(Beginning of STUDY MATERIAL)

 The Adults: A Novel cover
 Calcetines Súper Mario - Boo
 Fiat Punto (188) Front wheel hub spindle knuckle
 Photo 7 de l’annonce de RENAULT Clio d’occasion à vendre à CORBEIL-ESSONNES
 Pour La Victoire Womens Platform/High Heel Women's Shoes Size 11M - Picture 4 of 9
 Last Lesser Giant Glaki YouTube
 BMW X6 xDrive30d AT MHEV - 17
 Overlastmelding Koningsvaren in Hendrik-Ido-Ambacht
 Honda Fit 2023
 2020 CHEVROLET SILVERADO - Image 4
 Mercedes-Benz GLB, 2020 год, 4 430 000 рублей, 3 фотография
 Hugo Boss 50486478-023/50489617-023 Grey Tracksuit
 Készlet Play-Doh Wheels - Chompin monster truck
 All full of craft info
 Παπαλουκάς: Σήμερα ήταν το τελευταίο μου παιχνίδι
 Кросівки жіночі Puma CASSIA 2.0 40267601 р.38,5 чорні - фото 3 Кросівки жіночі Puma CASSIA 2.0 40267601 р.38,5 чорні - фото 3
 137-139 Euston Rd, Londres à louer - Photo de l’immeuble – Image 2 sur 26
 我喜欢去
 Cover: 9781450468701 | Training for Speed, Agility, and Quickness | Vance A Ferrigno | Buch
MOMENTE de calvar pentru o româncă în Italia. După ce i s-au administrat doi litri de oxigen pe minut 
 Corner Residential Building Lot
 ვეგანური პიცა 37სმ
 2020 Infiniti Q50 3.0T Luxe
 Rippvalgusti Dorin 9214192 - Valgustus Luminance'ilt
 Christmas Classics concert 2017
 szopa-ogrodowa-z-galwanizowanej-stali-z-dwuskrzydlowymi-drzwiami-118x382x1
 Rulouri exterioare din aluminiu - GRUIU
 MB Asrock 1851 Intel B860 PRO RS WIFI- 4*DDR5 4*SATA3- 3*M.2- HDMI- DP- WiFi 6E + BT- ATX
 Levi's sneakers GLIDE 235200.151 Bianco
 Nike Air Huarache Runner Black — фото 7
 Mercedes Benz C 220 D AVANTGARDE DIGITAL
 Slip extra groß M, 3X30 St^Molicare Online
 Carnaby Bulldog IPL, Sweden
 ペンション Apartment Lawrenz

(End of STUDY MATERIAL)

Set down exactly, and only, the lines from the one containing "Mercedes Benz C 220 D AVANTGARDE DIGITAL" to the final line of the data.

● EXERCISE OUTPUT:
 Mercedes Benz C 220 D AVANTGARDE DIGITAL
 Slip extra groß M, 3X30 St^Molicare Online
 Carnaby Bulldog IPL, Sweden
 ペンション Apartment Lawrenz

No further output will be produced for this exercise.